MSCI ESG Research said it has gathered 14,648 data points on ESG factors. This depth and breadth of engagement underpins MSCI’s approach to addressing the need from investors for greater disclosure and transparency from listed companies. Investors are themselves increasingly moving towards making net zero pledges, and are being pressured by regulators for improved data and disclosures.
The data gathered by MSCI ESG Research generates ratings that have been used to construct a suite of over 700 equity and fixed-income indices. In addition to helping institutional investors offer ESG-themed products, these indices are expected to provide an effective means of benchmarking ESG investment performance and assessing ESG mandates.
What are the main features of the new tool?
Improved data visualisation from MSCI’s new tool is expected to give companies the ability to improve their strategic planning and engagement with investors. By integrating with risk management and performance analytics, clients can gain insight into a company’s ESG ratings, sustainability goals, as well as any ESG controversies associated with it.
A controversies score provided by MSCI provides a view of ESG-related incidents associated with a company. This can allow investors to screen out companies based on specific controversies, such as environmental incidents, bribery and corruption, or health and safety in the workplace.
The tool also enables investors to assess a company’s ESG risk exposure by integrating with features such as Climate Value-at-Risk and Implied Temperature Rise that are available on MSCI’s ESG Research platform. These provide a forward-looking view into potential upside or downside opportunities in a portfolio.
Beth Byington, Global Head of Corporate ESG and Climate Solutions at MSCI, said: “The ESG and climate needs of companies have evolved dramatically as new reporting requirements from regulators and institutional investors have emerged in recent years.
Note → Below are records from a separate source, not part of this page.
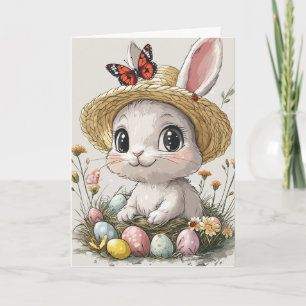 Carte Joyeux Lapin de Pâques Œufs Coccinelle Papillons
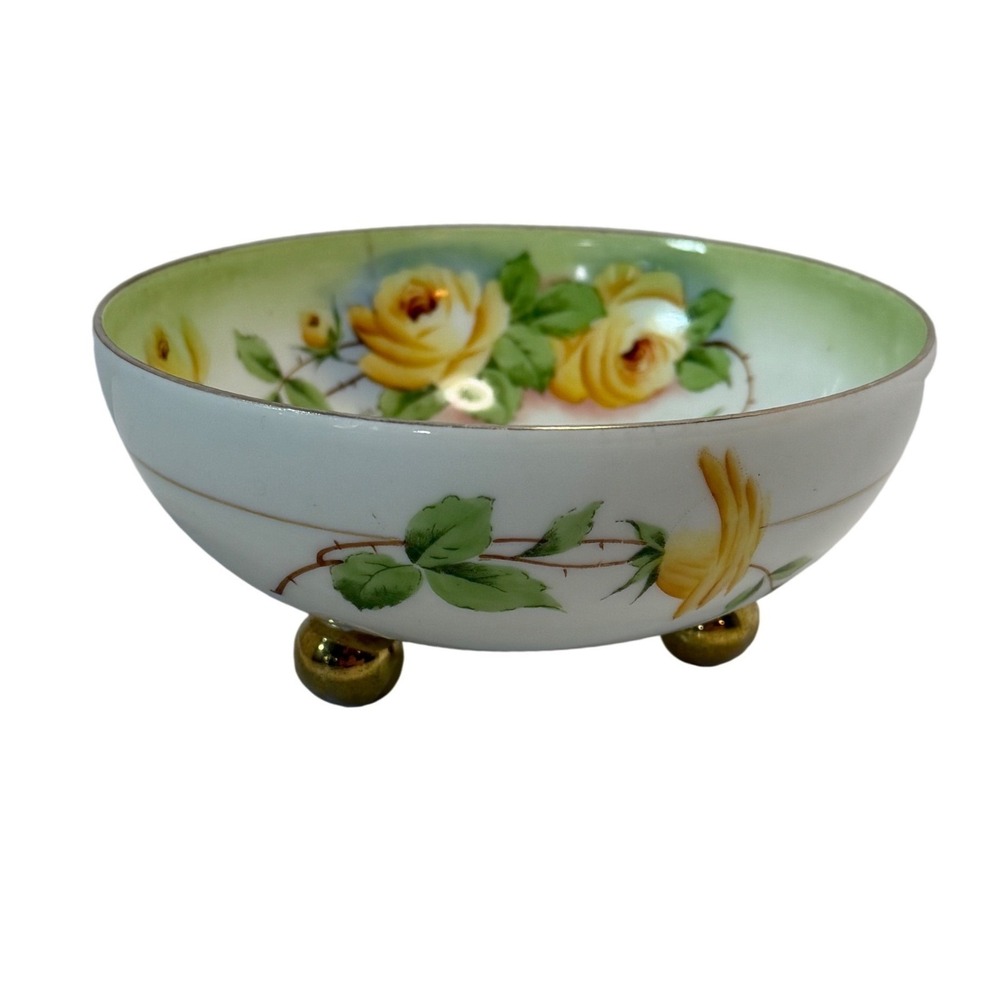 Vtg Royal Munich Hand Painted Porcelain Bowl Yellow Rose Footed Gold Trim Signed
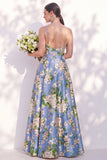 Robe de demoiselle d’honneur à bretelles florales bleues A Line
It is now more important than ever for listed companies to speak a common language with these audiences about financial opportunities and risks associated with subjects like climate change.”
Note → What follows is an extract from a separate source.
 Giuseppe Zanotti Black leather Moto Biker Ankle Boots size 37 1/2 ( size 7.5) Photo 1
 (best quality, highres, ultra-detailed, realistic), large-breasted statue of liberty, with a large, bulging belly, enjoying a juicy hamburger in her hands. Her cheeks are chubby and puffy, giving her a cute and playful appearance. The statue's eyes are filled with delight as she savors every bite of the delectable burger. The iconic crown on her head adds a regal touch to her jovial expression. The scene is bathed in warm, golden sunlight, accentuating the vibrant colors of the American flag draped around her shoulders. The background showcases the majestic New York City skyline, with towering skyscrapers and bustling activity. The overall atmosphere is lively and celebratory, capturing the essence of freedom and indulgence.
Viewing companies in comparison to peers, and benchmarking their performance based on recommendations from international standards bodies, such as the Task Force on Climate-related Financial Disclosures (TCFD), can provide global institutional investors with further insight into sector and industry best practices on sustainability.
Why is benchmarking performance important for sustainability?
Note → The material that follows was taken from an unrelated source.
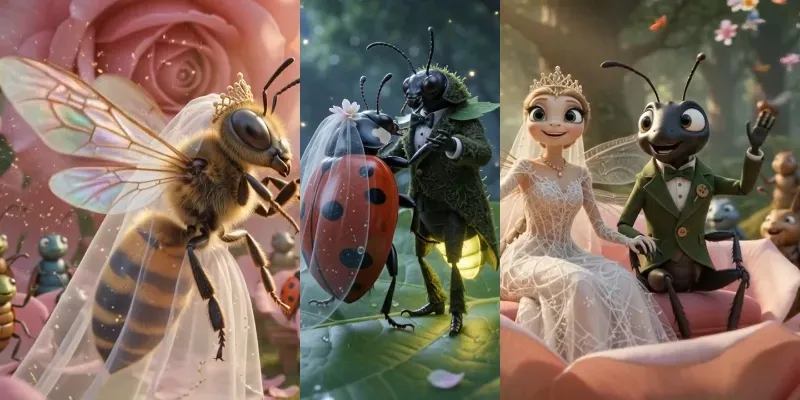Whimsical Insect Wedding Videos generated by undefined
According to a report published by MSCI in October 2022, over 46% of the 3,150 constituents of its ACWI Index had set some form of net zero target as of August 31, 2022, but only 41 companies in the ACWI Index had set a net zero target approved by the Science Based Targets initiative (SBTi).
Fewer companies than those that make up the 46% had SBTi-approved targets, and only 6.3% had committed to setting one in the future. Emissions reduction targets approved by SBTi have to include total value chain emissions across Scope 1, 2 and 3 categories, and also include pathways to getting to net zero emissions by 2050, including methods of offsetting any residual emissions.
Disparities in climate targets and approaches to achieving them can distort the integrity of sustainability indices and portfolios. By understanding how they compare to peers and by adopting industry best practices, companies can improve their data gathering and disclosure, overcoming gaps in their reporting.
Improved data gathering and disclosure can help validate companies’ climate targets and sustainability goals. By performing a comparative analysis, companies can better formulate their climate action strategies, which in turn can impact their investment and capital spending decisions. This can also minimise the risk of being accused of greenwashing sustainability credentials, as well as providing better and more consistent data to investors.